Module tf.about.code
Code organization
The code base of TF can be divided into a few major parts, each with their own, identifiable task.
Some parts of the code are covered by unit tests (tf.about.tests).
There is also a count of code lines per module and language
Base
(tf.core) The core API is responsible for:
- Feature management
- TF data consists of feature files. TF must be able to load them, save them, import / export from MQL.
- Provide an API
- TF must offer an API for handling its data in applications. That means: feature lookup, containment lookup, text serialization.
- Pre-computation
- In order to make its API work efficiently, TF has to pre-compute certain compiled forms of the data.
Search
(tf.search.search) TF contains a search engine based on templates,
which are little graphs of nodes and edges
that must be instantiated against the corpus.
- Search versus MQL
- The template language is inspired by MQL, but has a different syntax. It is both weaker and stronger than MQL.
- Search versus hand coding
-
Search templates are the most accessible way to get at the data, easier than hand-coding your own little programs.

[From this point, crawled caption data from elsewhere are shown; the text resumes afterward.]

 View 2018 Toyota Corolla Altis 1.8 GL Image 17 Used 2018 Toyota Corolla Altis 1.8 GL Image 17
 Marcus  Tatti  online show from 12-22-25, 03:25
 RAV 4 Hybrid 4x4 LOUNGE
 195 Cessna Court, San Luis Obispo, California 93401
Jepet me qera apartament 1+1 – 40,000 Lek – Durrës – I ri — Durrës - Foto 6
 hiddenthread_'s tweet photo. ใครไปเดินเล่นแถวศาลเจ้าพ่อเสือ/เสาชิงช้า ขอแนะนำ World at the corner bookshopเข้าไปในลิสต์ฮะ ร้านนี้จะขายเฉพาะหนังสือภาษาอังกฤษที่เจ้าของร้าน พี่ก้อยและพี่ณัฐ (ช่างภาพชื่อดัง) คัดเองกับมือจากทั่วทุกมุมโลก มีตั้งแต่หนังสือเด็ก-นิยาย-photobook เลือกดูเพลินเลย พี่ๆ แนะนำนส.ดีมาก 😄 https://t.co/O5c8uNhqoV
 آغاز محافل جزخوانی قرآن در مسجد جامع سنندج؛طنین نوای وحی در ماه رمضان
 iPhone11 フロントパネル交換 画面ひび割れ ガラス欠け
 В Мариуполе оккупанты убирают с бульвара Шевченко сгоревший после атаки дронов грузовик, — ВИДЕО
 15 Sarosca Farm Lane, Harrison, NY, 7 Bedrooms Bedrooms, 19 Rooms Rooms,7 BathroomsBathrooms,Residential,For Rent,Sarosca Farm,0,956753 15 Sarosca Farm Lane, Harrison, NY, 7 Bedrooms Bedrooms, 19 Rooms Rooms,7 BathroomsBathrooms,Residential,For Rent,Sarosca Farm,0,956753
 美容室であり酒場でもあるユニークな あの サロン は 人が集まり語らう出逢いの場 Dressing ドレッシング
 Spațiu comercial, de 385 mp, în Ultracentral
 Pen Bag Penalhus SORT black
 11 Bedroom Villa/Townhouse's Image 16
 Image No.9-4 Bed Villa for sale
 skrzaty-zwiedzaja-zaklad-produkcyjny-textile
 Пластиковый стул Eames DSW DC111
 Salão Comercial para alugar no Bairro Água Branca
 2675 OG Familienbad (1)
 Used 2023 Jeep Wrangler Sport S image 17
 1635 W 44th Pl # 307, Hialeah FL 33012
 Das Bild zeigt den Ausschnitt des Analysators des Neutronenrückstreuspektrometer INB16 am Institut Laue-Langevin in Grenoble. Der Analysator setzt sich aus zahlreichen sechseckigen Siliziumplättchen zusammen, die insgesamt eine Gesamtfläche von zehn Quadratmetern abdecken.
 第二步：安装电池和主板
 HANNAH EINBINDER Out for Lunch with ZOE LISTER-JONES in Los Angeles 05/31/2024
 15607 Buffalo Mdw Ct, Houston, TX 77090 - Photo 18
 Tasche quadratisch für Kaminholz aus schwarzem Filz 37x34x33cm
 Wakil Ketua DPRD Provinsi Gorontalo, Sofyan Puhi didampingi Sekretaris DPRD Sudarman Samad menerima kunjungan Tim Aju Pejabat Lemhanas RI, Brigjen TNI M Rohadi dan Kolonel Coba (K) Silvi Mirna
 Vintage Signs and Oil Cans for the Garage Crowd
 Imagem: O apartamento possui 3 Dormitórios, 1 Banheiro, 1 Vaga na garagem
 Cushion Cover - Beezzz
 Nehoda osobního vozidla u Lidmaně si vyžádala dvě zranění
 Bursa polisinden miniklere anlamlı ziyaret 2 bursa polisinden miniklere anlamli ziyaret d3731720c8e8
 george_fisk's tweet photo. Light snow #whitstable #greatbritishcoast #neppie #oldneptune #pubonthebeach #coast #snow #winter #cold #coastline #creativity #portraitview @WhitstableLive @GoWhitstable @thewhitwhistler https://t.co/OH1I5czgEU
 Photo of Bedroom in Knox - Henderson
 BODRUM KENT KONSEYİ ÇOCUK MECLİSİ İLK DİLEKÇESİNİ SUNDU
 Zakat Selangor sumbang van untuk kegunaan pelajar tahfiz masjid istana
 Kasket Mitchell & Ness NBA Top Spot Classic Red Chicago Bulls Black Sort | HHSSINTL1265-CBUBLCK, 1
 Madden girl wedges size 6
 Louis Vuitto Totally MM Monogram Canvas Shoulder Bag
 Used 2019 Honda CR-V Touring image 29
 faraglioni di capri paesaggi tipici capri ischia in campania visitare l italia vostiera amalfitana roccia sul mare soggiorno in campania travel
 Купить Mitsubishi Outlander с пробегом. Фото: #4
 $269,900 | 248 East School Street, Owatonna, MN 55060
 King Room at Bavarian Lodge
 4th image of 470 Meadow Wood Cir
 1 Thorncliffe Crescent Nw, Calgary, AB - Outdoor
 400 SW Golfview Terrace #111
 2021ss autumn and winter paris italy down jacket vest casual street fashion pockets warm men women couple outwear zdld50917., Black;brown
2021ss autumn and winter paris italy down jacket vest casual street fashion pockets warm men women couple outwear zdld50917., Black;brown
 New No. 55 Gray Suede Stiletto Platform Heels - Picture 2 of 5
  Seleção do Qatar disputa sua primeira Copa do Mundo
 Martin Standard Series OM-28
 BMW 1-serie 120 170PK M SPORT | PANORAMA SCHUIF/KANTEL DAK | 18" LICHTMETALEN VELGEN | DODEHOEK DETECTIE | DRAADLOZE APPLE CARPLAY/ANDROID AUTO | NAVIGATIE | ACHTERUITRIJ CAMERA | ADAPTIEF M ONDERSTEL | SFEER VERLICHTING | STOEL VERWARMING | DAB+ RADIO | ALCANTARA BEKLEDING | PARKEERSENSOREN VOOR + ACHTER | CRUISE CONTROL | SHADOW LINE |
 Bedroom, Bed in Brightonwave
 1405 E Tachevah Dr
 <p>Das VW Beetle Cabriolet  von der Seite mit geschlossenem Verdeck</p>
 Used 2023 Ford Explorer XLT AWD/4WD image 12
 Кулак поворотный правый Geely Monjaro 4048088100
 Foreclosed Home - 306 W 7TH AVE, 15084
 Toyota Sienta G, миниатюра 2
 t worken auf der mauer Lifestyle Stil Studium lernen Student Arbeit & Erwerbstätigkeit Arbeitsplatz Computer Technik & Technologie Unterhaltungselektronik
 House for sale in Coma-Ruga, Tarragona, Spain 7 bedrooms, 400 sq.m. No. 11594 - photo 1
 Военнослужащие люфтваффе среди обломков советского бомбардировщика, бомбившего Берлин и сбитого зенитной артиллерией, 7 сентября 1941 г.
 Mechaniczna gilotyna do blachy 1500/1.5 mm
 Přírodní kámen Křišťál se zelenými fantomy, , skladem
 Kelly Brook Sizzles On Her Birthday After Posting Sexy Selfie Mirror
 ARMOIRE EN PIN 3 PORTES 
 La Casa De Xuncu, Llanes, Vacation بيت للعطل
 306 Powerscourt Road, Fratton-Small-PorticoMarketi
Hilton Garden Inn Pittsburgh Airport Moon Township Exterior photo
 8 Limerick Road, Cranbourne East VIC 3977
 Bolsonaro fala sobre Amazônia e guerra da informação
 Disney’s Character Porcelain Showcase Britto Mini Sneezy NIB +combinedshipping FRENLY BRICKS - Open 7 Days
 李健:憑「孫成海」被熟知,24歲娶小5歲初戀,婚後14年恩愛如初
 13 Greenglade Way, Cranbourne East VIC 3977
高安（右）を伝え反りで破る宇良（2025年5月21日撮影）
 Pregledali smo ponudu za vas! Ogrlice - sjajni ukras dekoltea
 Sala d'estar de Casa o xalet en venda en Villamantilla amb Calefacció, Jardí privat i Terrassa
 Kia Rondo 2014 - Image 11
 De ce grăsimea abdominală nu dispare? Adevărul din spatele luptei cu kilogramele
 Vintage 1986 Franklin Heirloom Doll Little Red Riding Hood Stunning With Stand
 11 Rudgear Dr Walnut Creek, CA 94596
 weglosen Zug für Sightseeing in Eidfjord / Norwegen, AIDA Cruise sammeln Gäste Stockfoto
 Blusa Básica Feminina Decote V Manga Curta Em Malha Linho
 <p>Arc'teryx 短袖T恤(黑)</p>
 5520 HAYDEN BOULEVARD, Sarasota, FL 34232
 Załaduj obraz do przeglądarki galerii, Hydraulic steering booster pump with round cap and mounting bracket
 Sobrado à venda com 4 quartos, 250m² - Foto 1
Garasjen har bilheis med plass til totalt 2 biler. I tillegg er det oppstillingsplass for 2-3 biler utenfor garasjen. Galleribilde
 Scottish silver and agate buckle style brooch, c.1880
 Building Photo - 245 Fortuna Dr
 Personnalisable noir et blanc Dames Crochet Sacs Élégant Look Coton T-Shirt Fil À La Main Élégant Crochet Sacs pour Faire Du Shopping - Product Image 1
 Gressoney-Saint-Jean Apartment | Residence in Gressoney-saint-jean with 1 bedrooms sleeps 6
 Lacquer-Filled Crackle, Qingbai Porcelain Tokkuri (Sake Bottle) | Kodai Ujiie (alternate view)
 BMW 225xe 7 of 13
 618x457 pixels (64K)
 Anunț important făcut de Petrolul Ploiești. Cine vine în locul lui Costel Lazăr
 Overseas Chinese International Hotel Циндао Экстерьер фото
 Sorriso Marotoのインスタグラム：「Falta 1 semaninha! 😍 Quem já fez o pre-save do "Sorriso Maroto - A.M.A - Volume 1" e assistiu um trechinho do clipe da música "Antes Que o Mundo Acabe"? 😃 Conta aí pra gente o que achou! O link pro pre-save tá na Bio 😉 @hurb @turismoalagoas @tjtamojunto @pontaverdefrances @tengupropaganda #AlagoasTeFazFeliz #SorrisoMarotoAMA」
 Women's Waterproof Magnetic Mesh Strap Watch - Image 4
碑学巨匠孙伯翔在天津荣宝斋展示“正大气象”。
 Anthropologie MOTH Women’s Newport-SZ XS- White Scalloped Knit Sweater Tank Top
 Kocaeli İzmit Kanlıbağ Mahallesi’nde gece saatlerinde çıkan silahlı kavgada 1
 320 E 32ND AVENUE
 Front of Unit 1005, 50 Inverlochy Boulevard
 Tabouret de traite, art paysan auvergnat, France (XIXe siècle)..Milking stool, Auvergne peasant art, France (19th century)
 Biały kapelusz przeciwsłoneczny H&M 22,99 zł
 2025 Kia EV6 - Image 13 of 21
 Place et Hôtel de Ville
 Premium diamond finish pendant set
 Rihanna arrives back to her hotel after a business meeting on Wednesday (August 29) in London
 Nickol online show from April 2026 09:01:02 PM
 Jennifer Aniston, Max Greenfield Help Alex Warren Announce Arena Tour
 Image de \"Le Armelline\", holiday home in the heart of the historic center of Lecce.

The underlying engine is quite complicated. Sometimes it is faster than hand coding, sometimes (much) slower.
Advanced
(tf.advanced) TF contains an advanced API geared to auto-downloading
corpus data and displaying corpus materials in useful ways.
Dynamic Web interface
(tf.browser) TF contains a browser interface for interacting
with your corpus without programming.
The web interface lets you fire queries (search templates) to TF and interact with the results:
- expanding rows to pretty displays;
- condensing results to various container types;
- exporting results as PDF and CSV.
This interface be served by a local web server provided with data from a TF app.
(tf.browser.start, tf.browser.kernel and tf.browser.web).
Static Web interface
(tf.client) There is also a static browser interface: you can build a set of
static HTML pages with Javascript files out of a corpus, which has a search interface
of a different kind than tf.search.
Volumes and collections
(tf.volumes) Machinery to support the idea that a TF dataset
is a work that consists of volumes. Volumes and collections of volumes
can be loaded without loading the whole work while still maintaining
a profound connection with the whole work through additional features such as owork.
See also tf.about.volumes.
Dataset
(tf.dataset) Machinery to manipulate datasets as a whole.
Convert
(tf.convert) There is support for conversion to and from MQL and for converting
arbitrary structured data (such as database dumps or TEI files) to TF
(tf.convert.mql, tf.convert.walker).
There is also some support for round-trips of TF data into other annotation tools and back
(tf.convert.recorder).
Writing
(tf.writing) TF supports several writing systems by means of transliterations
and conversions between them and UNICODE.
NER
(tf.ner and tf.browser.ner) This is machinery and an interface to do Named
Entity Recognition, based on patterns you specify. These patterns can be supplied ad
hoc in a web interface, or systematically in a spreadsheet.